Google may have lost the auction, but it’s not necessarily that big a defeat.
If anything significant at all, the news that Verizon Wireless had won the US government-run auction for the 700MHz band of the spectrum may have actually been an ideal outcome for Google.
It gives investors the confidence that Google is sticking to it’s guns, the internet. Not swanning off and dabbling in other markets as others have tried and failed to do.
Yet Google has still been able to profit from the newly available airwaves by ensuring the bids for the “C block” of the available spectrum escalated to $4.6 billion. By reaching that price it has triggered a provision that requires the new wireless network to accommodate all mobile devices, including equipment using Google’s anticipated Android platform, allowing them even more scope to distribute advertising onto the mobile internet.

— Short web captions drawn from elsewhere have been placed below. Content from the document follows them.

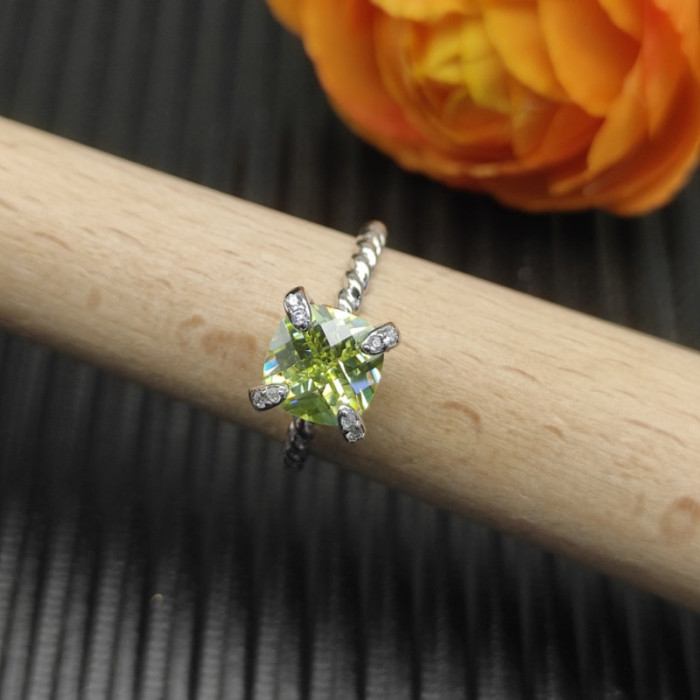 David Yurman 8mm Four-Prong Green Diamond Ring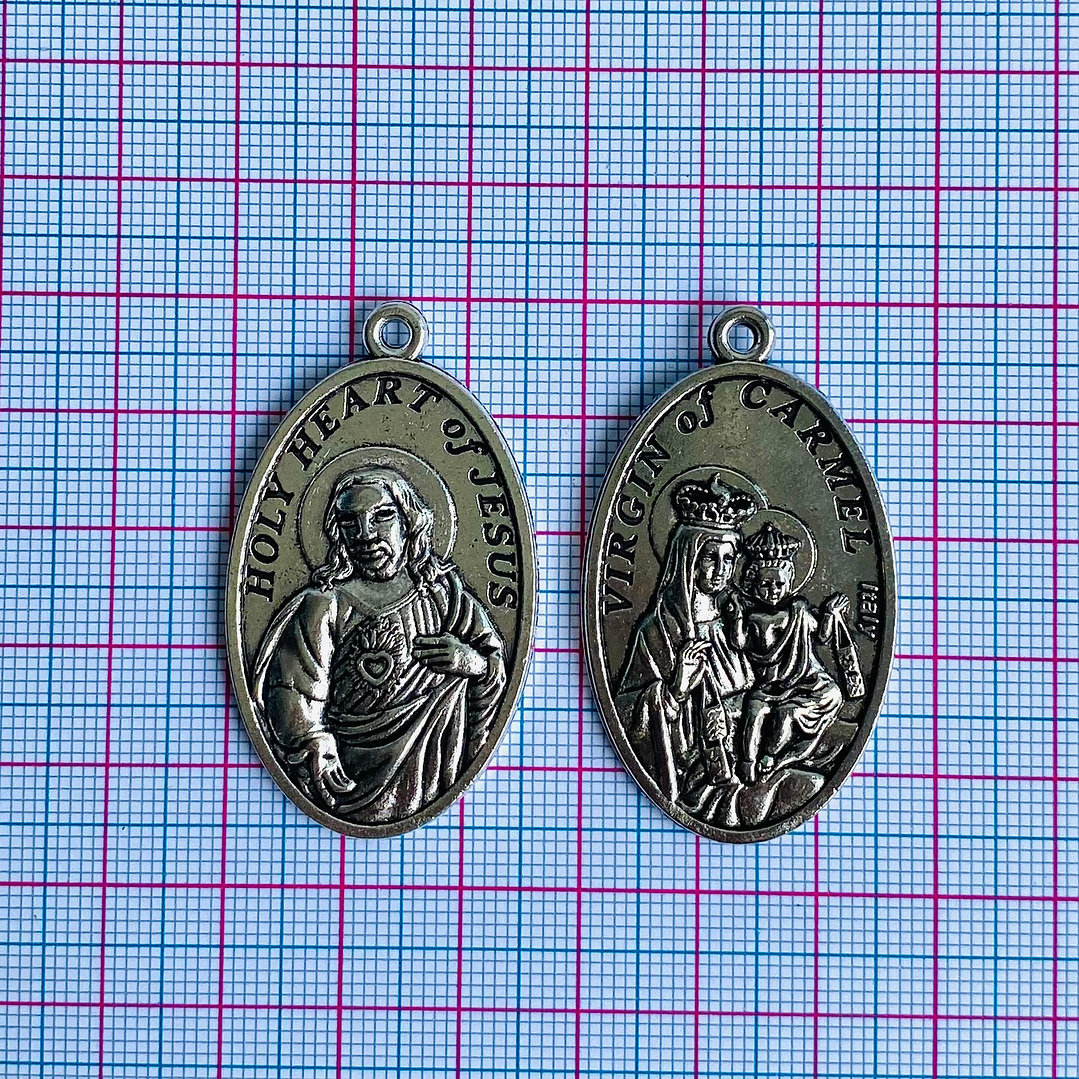 MEDALLA ✦ VIRGEN DEL CARMEN / SAGRADO CORAZÓN ZAMAK 2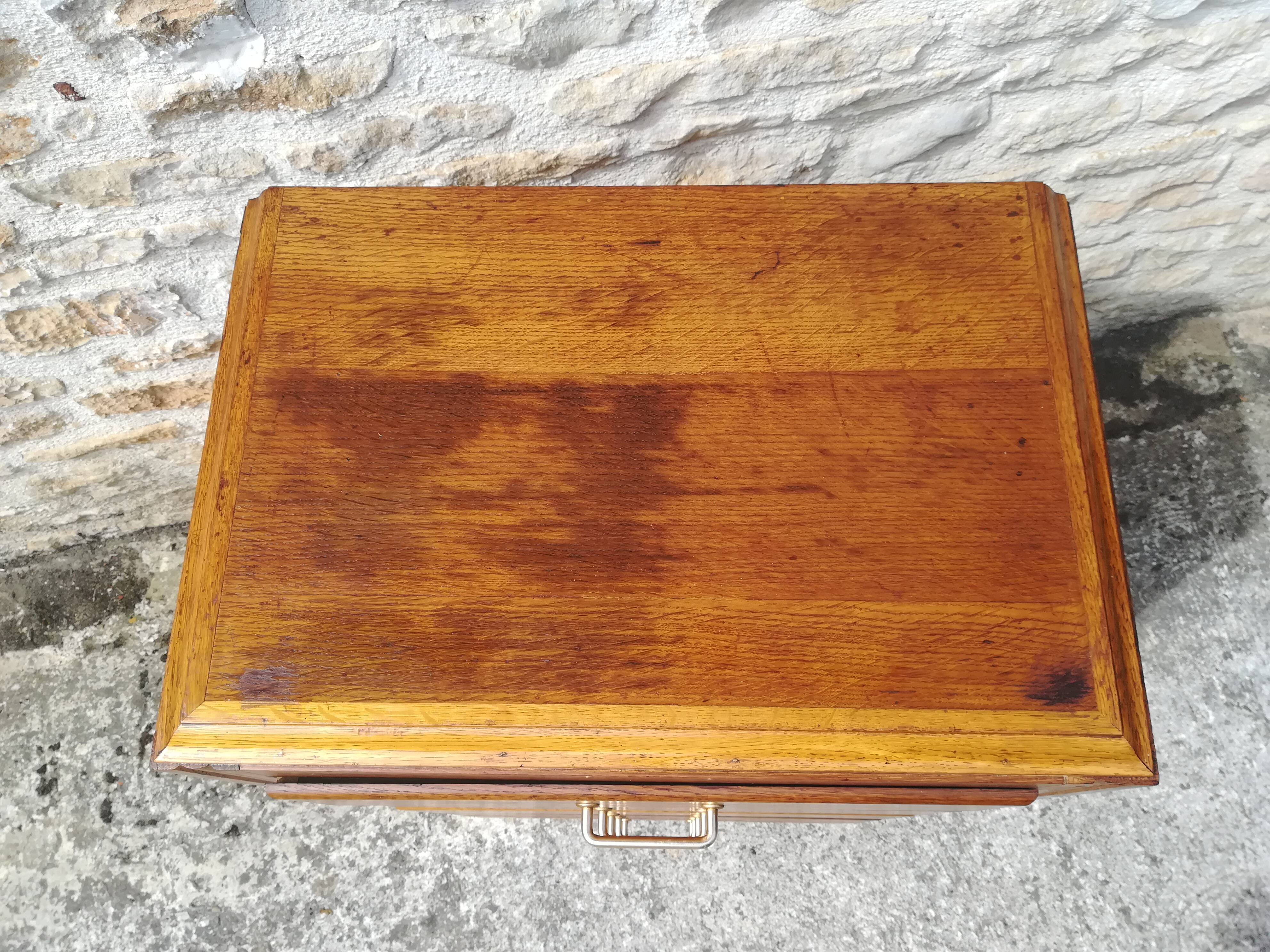 Commode en chêne a 5 tiroirs
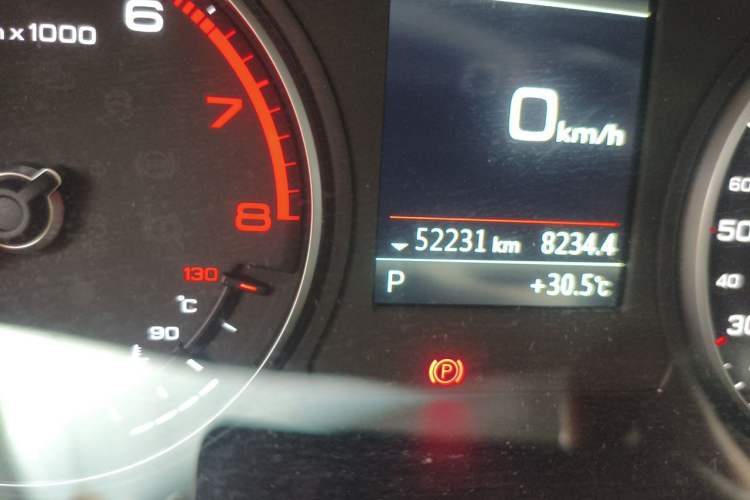 Used Audi A3 2020 Sportback 35 TFSI Ambition China VI Odometer Close Up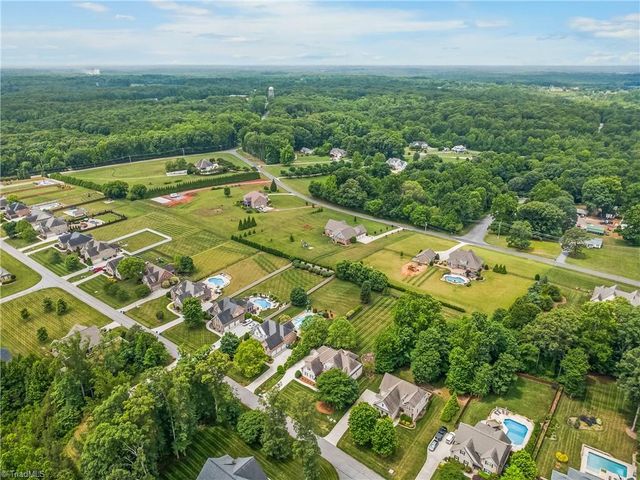 215 Essex Farm Road, Advance, NC 27006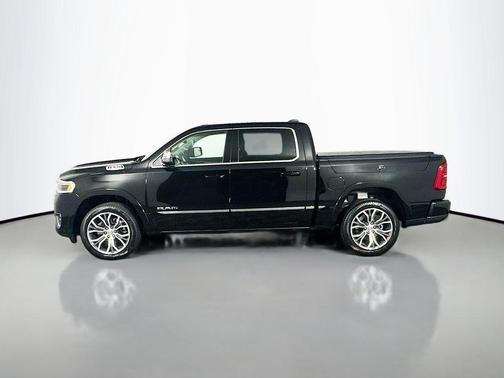 Diamond Black Crystal Pearlcoat 2026 RAM 1500 ST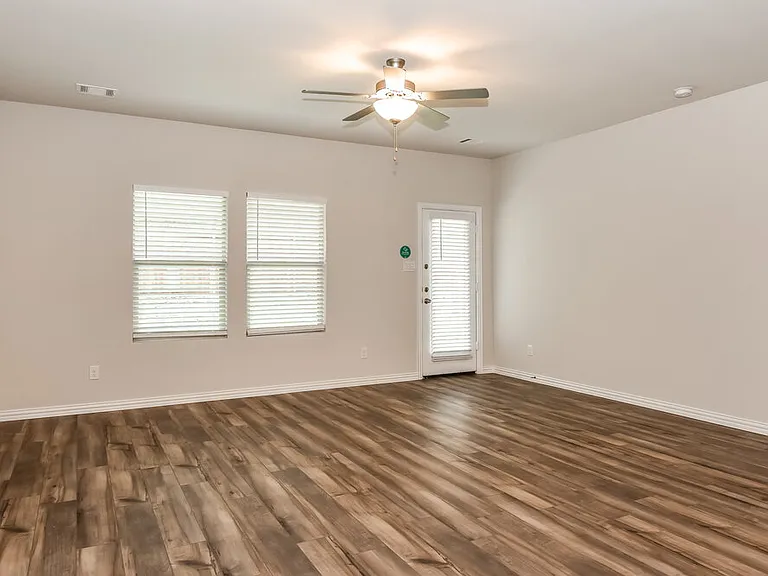 1411 Rolling Fox Dr — Photo 4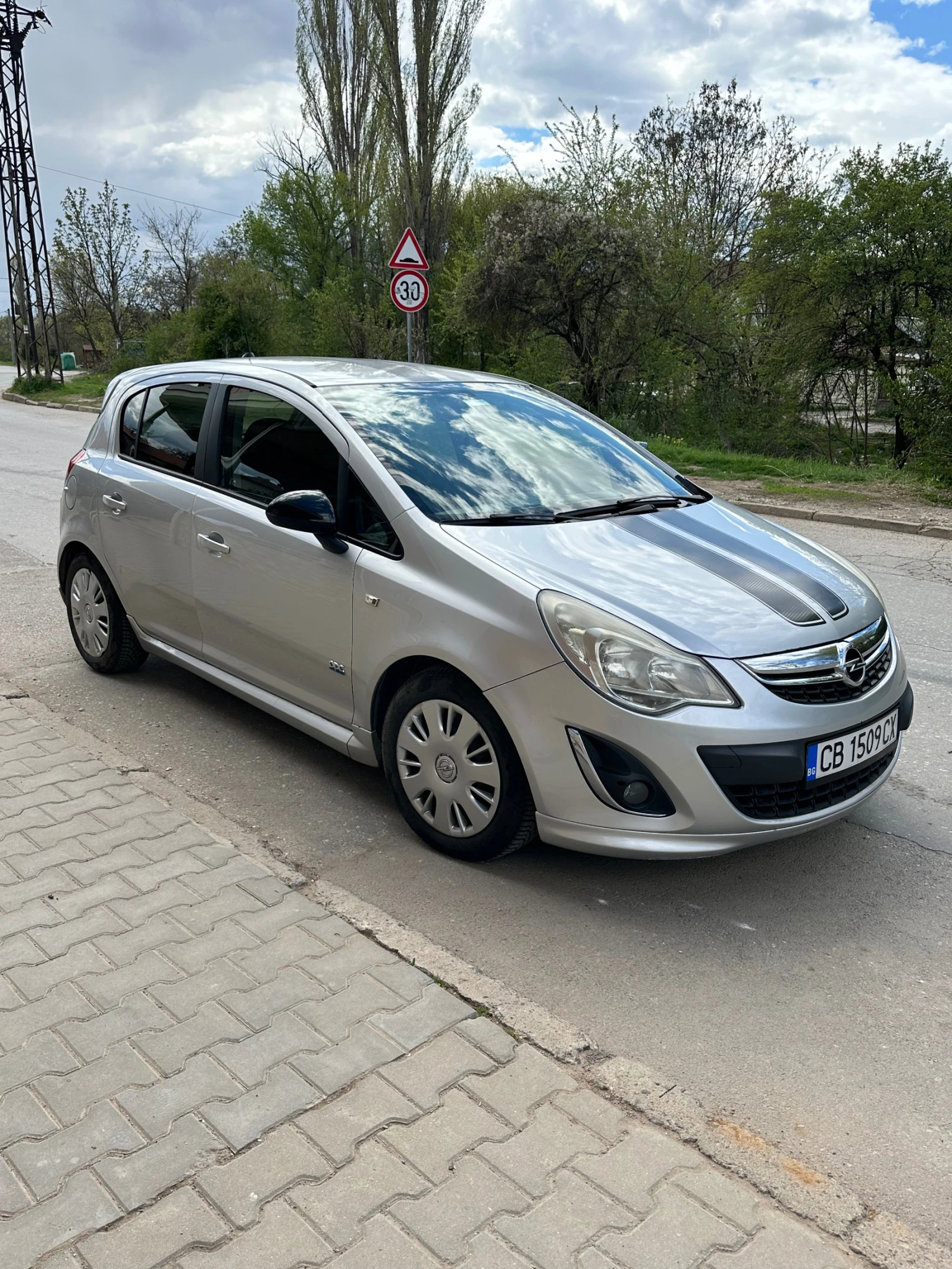 Opel Corsa D 1.2 OPC line  - изображение 6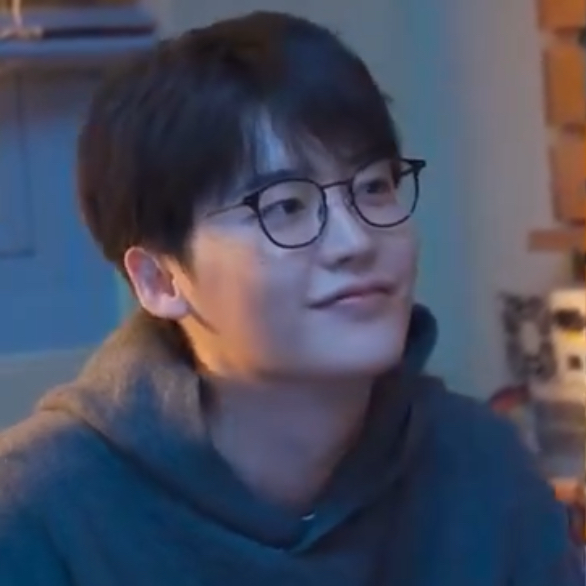 Recent activity shot of Lee Jongsuk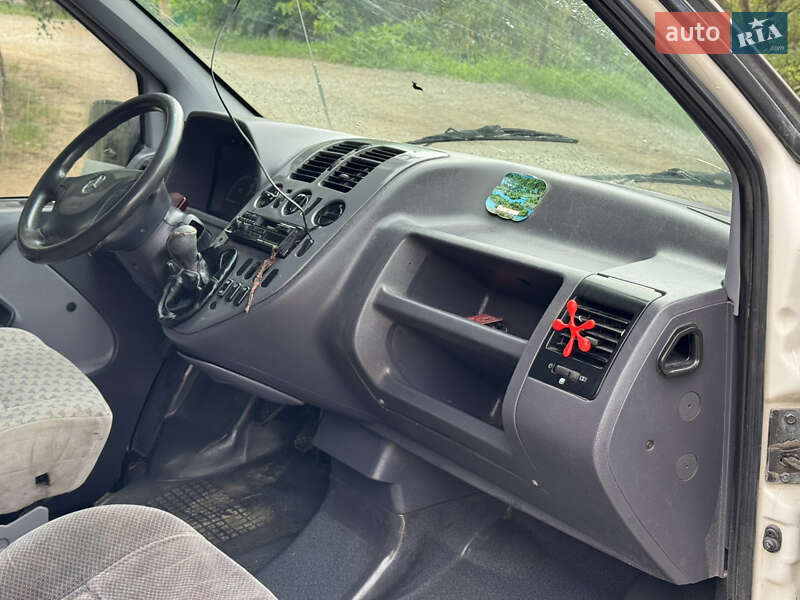 Минивэн Mercedes-Benz Vito 2000 в Черновцах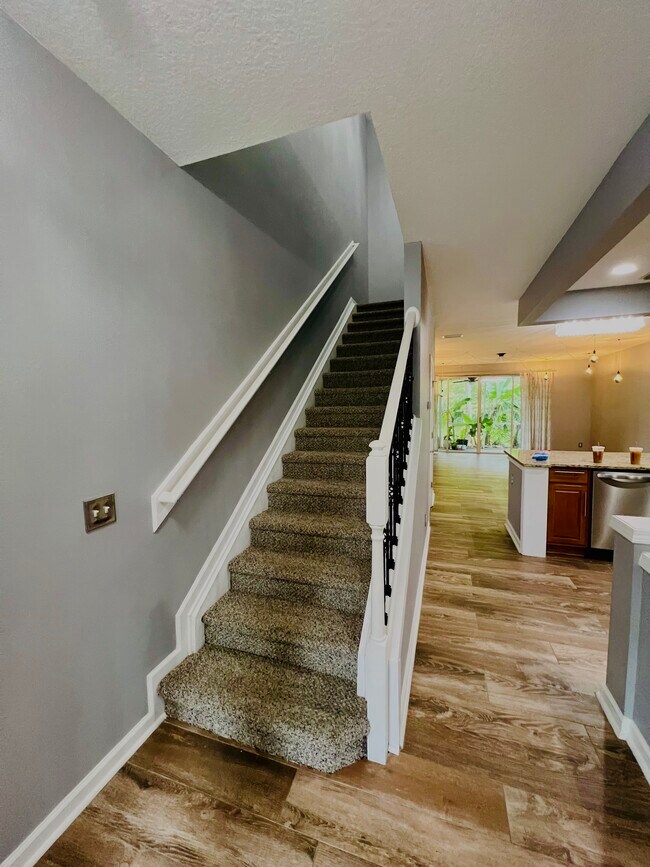 Building Photo - 13479 Stone Pond Dr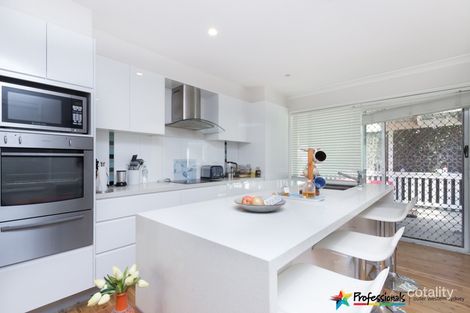 Property photo of 15 Craig Avenue Oxley Park NSW 2760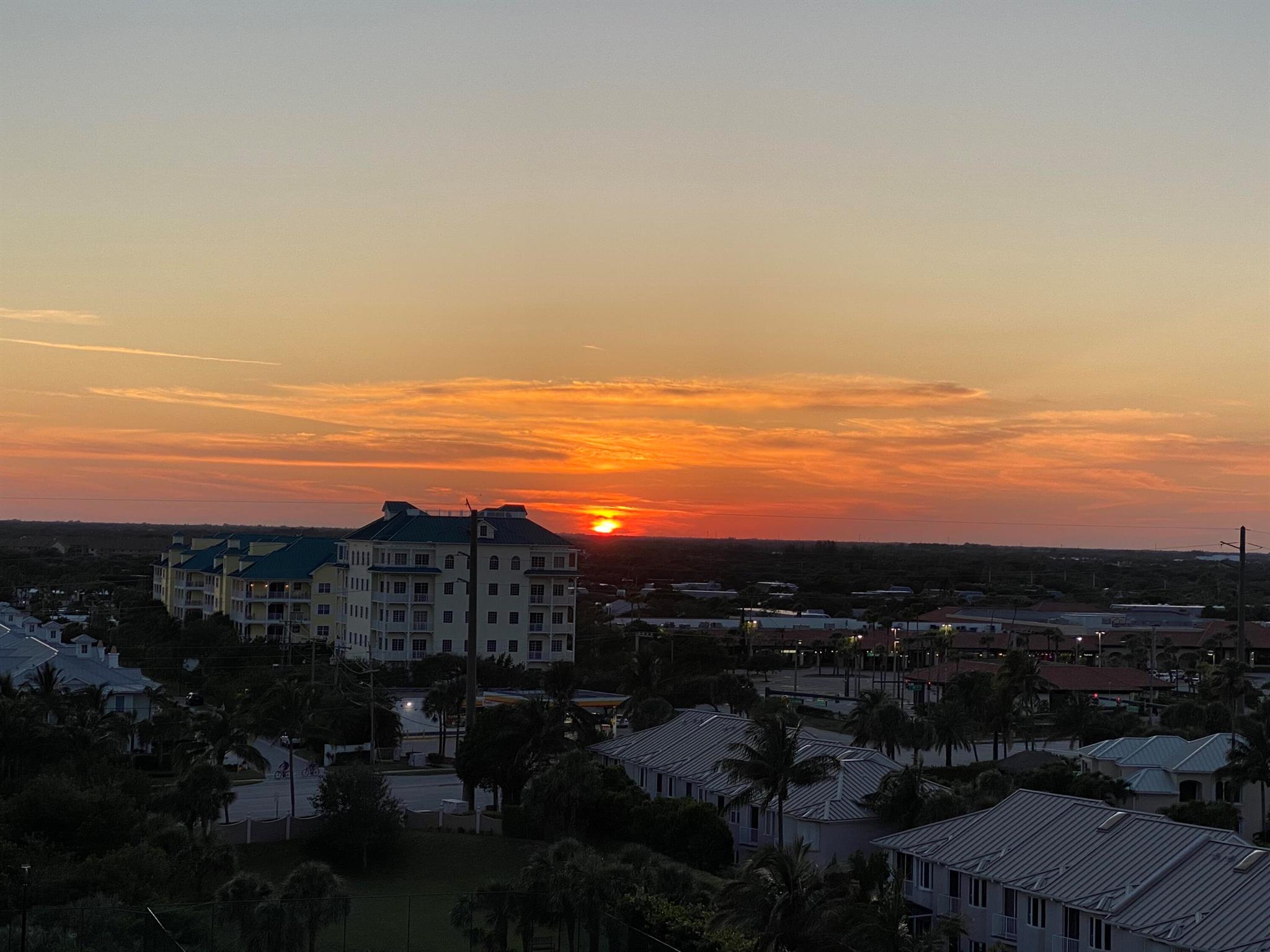 OCEAN ROYALE CONDOMINIUM - Residential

Verizon bid a total of $4.74 billion to win the majority of C block”, which Google hopes will make it easier for consumers to access its search engine and other products on smart phones and other mobile devices.
Google congratulated Verizon, describing the outcome as a consumer victory. “Consumers soon should begin enjoying new, Internet-like freedom to get the most out of their mobile phones and other wireless devices,” wrote Google lawyers Whitt and Faber.
“Google has plenty of other things on its plate right now,” said analyst Marianne Wolk of the Susquehanna Financial Group. “This (wireless network) would have been a ‘nice-to-have,” but it’s certainly not a must have.”
Whilst you could be forgiven for thinking that the mobile advertising market is pretty minute at the moment there are growing signs that it will grow to disproportionate sizes. The success of the revolutionary iPhone has already outgrown most analysts expectations and with Microsoft’s takeover of Google-rival Yahoo looming, we can expect more of this news to come.